El truco no carece de eficacia si la acumulación de factores se hace a un ritmo lo bastante trepidante como para impedir o dificultar que el espectador ponga en cuestión la coherencia del relato o de los personajes, o si estos últimos quedan reducidos a arquetipos ya conocidos; incluso puede darse una aureola de misterio o locura a la conducta contradictoria de algunos de ellos, atribuyendo a fallos de su carácter o a perturbaciones de su cerebro los errores o descuidos del guionista. Además, para lograr que un producto de estas características «funcione» como maquinaria, basta con reunir un equipo técnico eficiente a las órdenes de un director habilidoso; si, además, se contrata a un par de actores inteligentes y se cuenta con redes de distribución y presupuesto para un buen lanzamiento publicitario, la partida está ganada de antemano, así que, ¿para qué esforzarse más?
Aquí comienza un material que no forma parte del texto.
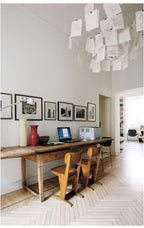 High in a white hallway above a long wooden desk, a Clérachic paper pendant fills the top of the frame with notes.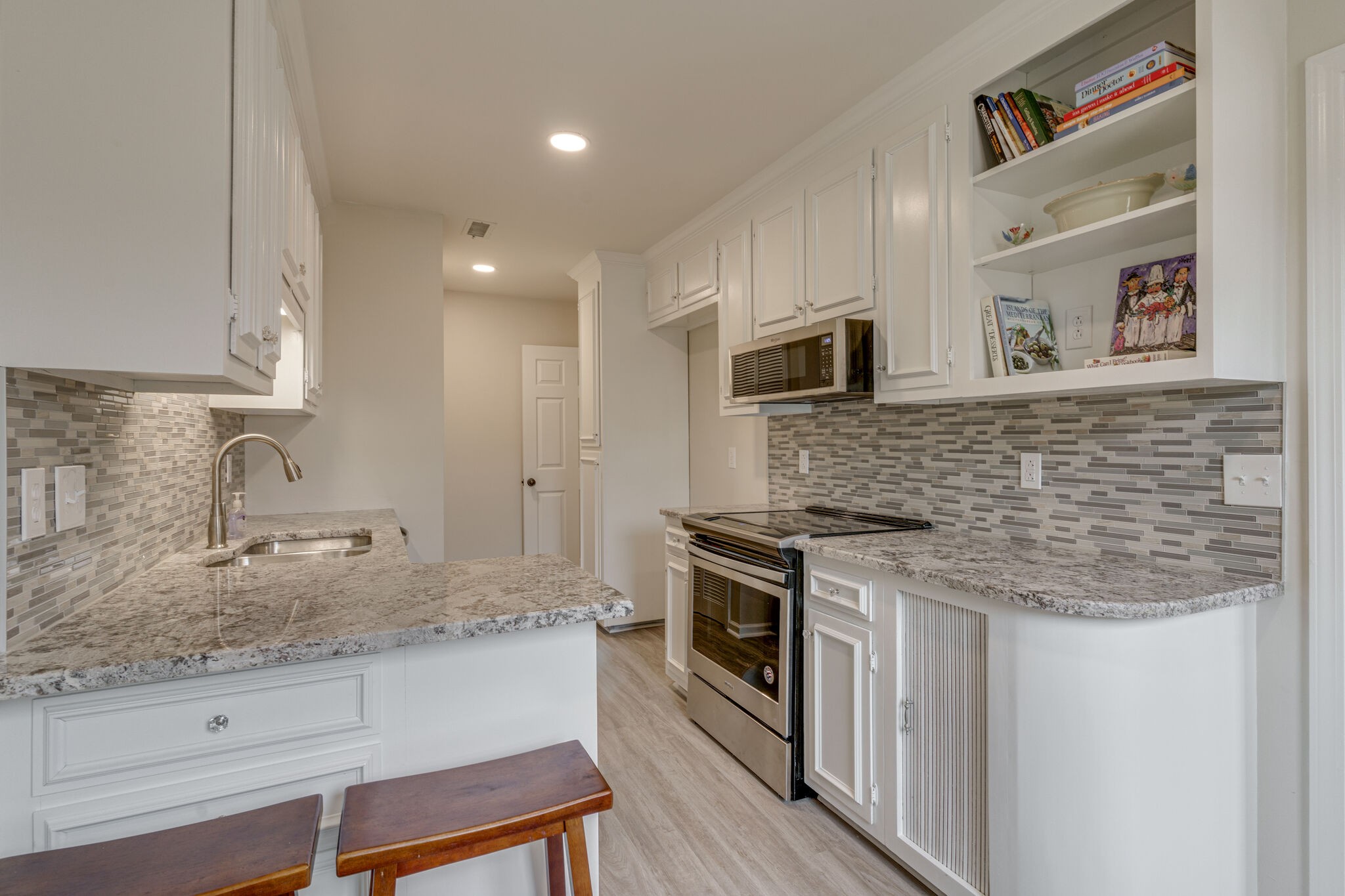 950 General George Patton Road Nashville, TN 37221 - Photo 21 of 34 a kitchen with stainless steel appliances granite countertop a stove and a sink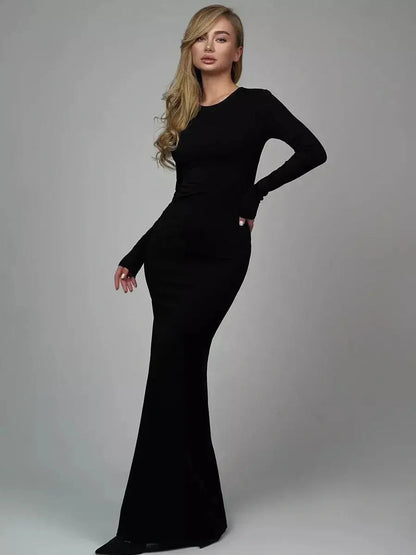Model showcasing the Sculpted Elegance Maxi Dress in black, a seamless and breathable formal dress.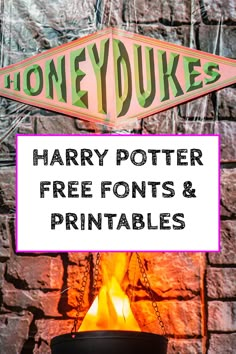 harry potter free font and printables on display in front of a brick wall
Ya se sabe que, salvo algunos locos antieconómicos, todo el mundo tiende a seguir la ley del mínimo esfuerzo y sus variantes: la del mínimo coste, la del mínimo riesgo, etc. Y cuando la oferta tiene el poder necesario para determinar la demanda, no hace falta contratar a directores y guionistas responsables ni, mucho menos, perfeccionistas: que se queme la competencia. Por mucho que se empeñen y se dejen la piel a tiras intentando hacer una película, Tanner, Rivette, Rohmer, Pialat, Borau, Wenders, Manolo Gutiérrez, Bresson, Tati, Fuller, Godard, Mackendrick, Boetticher, Straub, Berlanga, Raúl Ruiz, Rozier, Demy, Chabrol… —por poner algunos ejemplos de gente interesante y más o menos exigente, a ambos lados del Atlántico, jóvenes y viejos— no van a conseguir más espectadores ni más dinero que Peter Yates o cualquiera de sus muchos equivalentes; salvo excepciones imprevisibles o irrepetibles, ni siquiera Scorsese, Mulligan, Cimino, Pollack, Pakula o Coppola van a obtener ingresos de taquilla superiores, y puede que necesiten mayor presupuesto y más tiempo de trabajo para ello, así que, realmente, ¿qué más da financiarle una película a Peter Yates, a Buzz Kulik, a Michael Mann —el de Thief/Violent Streets— o a cualquiera de los que sin duda van a malograr proyectos interesantes, adaptaciones de James M. Cain, guiones que quisieron rodar Peckinpah, Monte Hellman, Bob Rafelson o John Byrum? Stuart Rosenberg, Norman Jewison, Andrew V. McLaglen, Herbert Ross y compañía ofrecen más seguridad y no plantean problemas.
Eye Witness se sigue con cierta curiosidad, en parte por la mezcla de historias ya comentadas, en mayor y más grata medida por la presencia de una actriz inteligente, elegante, originalmente hermosa y atractiva como Sigourney Weaver y también, hasta cierto punto, por la buena voluntad de Yates, que se toma bastante en serio su trabajo y, de cuando en cuando, consigue, cuando el guión de Steve Tesich lo permite, alguna escena interesante, insólita o misteriosa, tarea en la que cuenta con el apoyo del fotógrafo Matthew F. Leonetti, que prueba, una vez más, la inagotable fotogenia de Nueva York. Con lo cual, aunque no en todo momento, la película se aparta del grueso del cine de los últimos años en su aspecto no desdeñable: en que, por lo menos, no contagia el aburrimiento y la desgana con que se rueda.